Moody affirms 9 banks long-term deposit ratings to negative

Moody’s Investors Service has affirmed outlook on nine Nigerian banks’ long-term deposit ratings to negative from stable.

The global rating agency on Monday affirmed B2 long-term local currency deposit ratings to negative on Access Bank Plc, Zenith Bank Plc, First Bank of Nigeria Limited, United Bank for Africa Plc, Guaranty Trust Bank Plc, Union Bank of Nigeria plc, Fidelity Bank plc, FCMB (First City Monument Bank) Limited and Sterling Bank Plc.
The rating action follows Moody’s decision to affirm the Nigeria government’s long-term issuer ratings of B2 and change its outlook to negative from stable on December 04, 2019.
According to the report, “The affirmation of the ratings reflects the banks’ financial profiles which have been generally resilient to the difficult operating the environment in Nigeria. On average, the Nigerian banks benefit from good pre-provision profitability and capital positions; asset quality and foreign currency funding positions have improved over recent quarters, following the recession in 2016.
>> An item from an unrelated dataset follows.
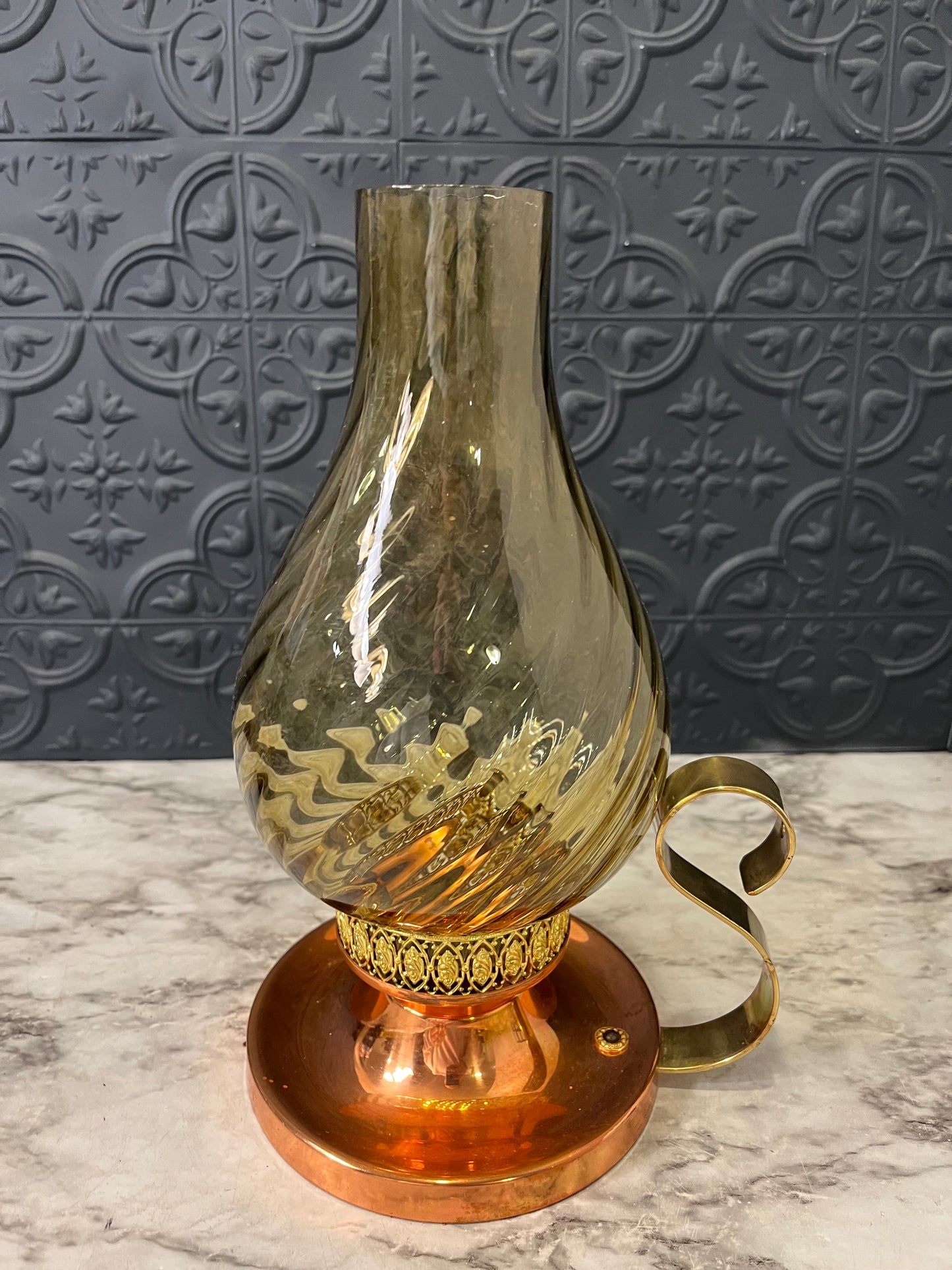 Copper and Brass Hurrican Lamp with Smoke Glass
“The change of outlook to negative from stable reflects the Nigerian banks’ sizeable exposure to the sovereign debt securities and loans, averaging at 244per cent of the rated banks’ capital bases as of June 2019, which links their credit profiles to that of the government.”
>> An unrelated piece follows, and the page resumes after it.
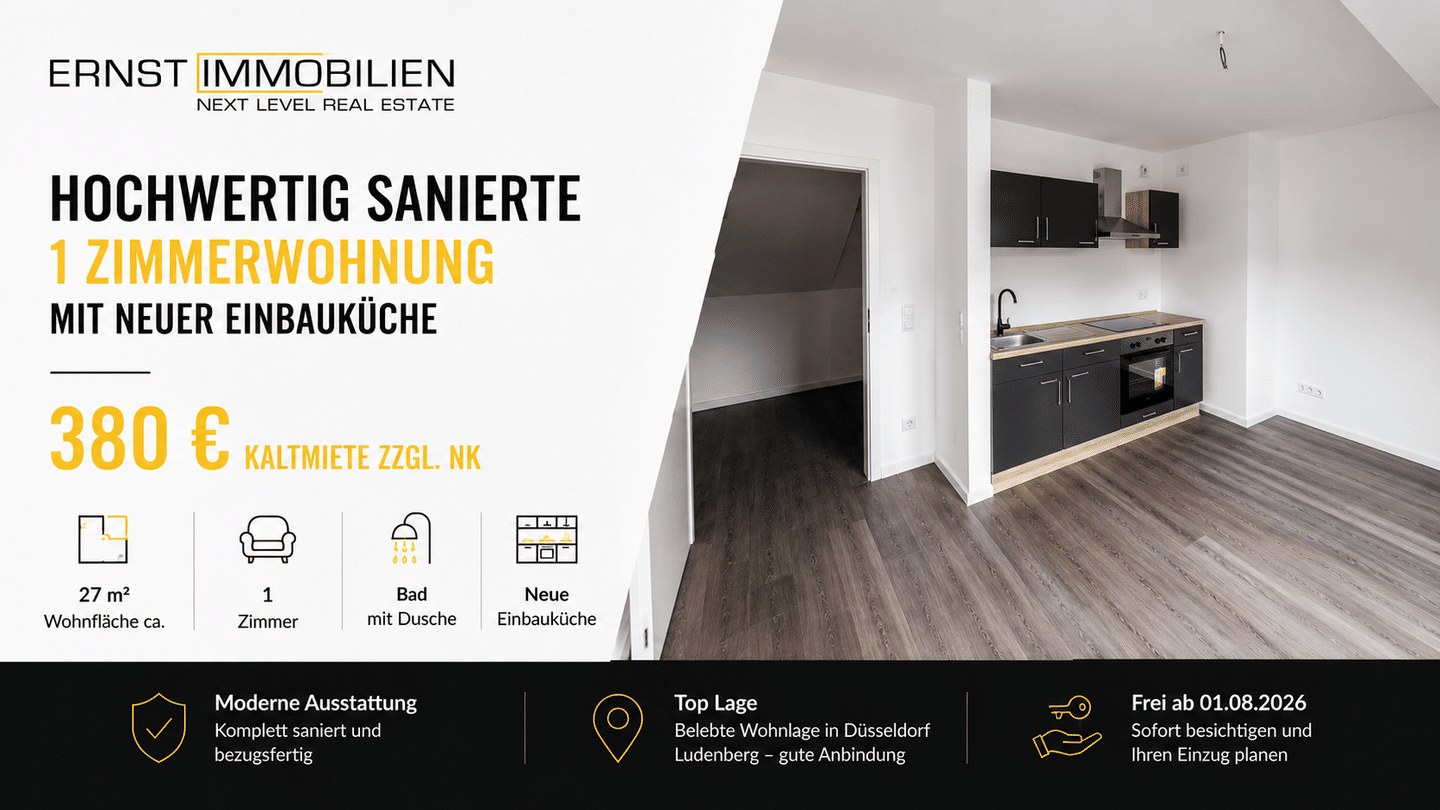 Hochwertig sanierte 1 Zimmerwohnung mit neuer Einbauküche, 40625 Düsseldorf (Gerresheim Ludenberg)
The rating agency also expected the banking sector to be challenged in maintaining the recent improving trend, particularly as regards asset quality, given the increasing bank lending in Nigeria’s weak operating environment.
On affirmation of banks’ ratings, Moody in its report said “expectation that Nigerian banks’ profitability will remain resilient and the capital metrics stable over the next 12-18 months, with tangible common equity as a percentage of Moody’s-adjusted risk-weighted assets at about 16 per cent in the next 12 months. Recent selective lending by banks has reduced the formation of new nonperforming loans (NPLs), which lessens the need for loan loss provisions and limits the erosion of profitability.
“System wide NPLs declined by 51per cent to N1.1 trillion as at 30 September 2019 from N2.2 trillion as at 30 September 2018, driven by a large decline in NPLs in the oil and gas sector.
“As result, the NPL ratio declined to 6.7 per cent as of 30 September 2019 compared to 14.2 per cent as at 30 September 2018. In addition, Nigerian banks are containing their operating cost as they migrate their clients to digital platforms and save on branch expansion.
“The banks’ foreign currency funding has also improved as banks cut back foreign-currency lending while building up foreign-currency deposits.
Negative outlook reflects sovereign outlook, the report said banks’ rating is primarily driven by the negative outlook on Nigeria’s government issuer rating given the banks’ large holdings of Nigerian government securities which they hold for liquidity and investment purposes.
“The large stock of government securities and loans links the banks’ credit profiles to that of the government. The rated banks’ overall sovereign debt securities and loans exposure averaged 244 per cent of their tangible capital bases as of June 2019. In view of the correlation between the sovereign and bank credit risk, the banks’ standalone credit profiles and ratings are inevitably constrained by the rating of the government.
“The rating agency also expects the banking sector to be challenged in maintaining the recent improving trend, particularly as regards asset quality, given the rising bank lending in Nigeria’s weak operating environment.
“The rating agency expects GDP growth of just over two per cent over the next few years, which will remain insufficient to create significant-good quality lending opportunities for banks and it will unlikely improve borrowers’ credit strength.
“Moody’s does not have any particular governance concern for the rated Nigerian banks, although the rating agency believes that their relatively high asset risks reflects banks’ moderate risk governance culture.
“In terms of environmental considerations, Nigerian banks’ high exposure to the oil and gas industry at about 28 per cent of total loans as of October 2019 is an environmental risk that requires close monitoring, particularly as the transition to a low carbon economy accelerates.”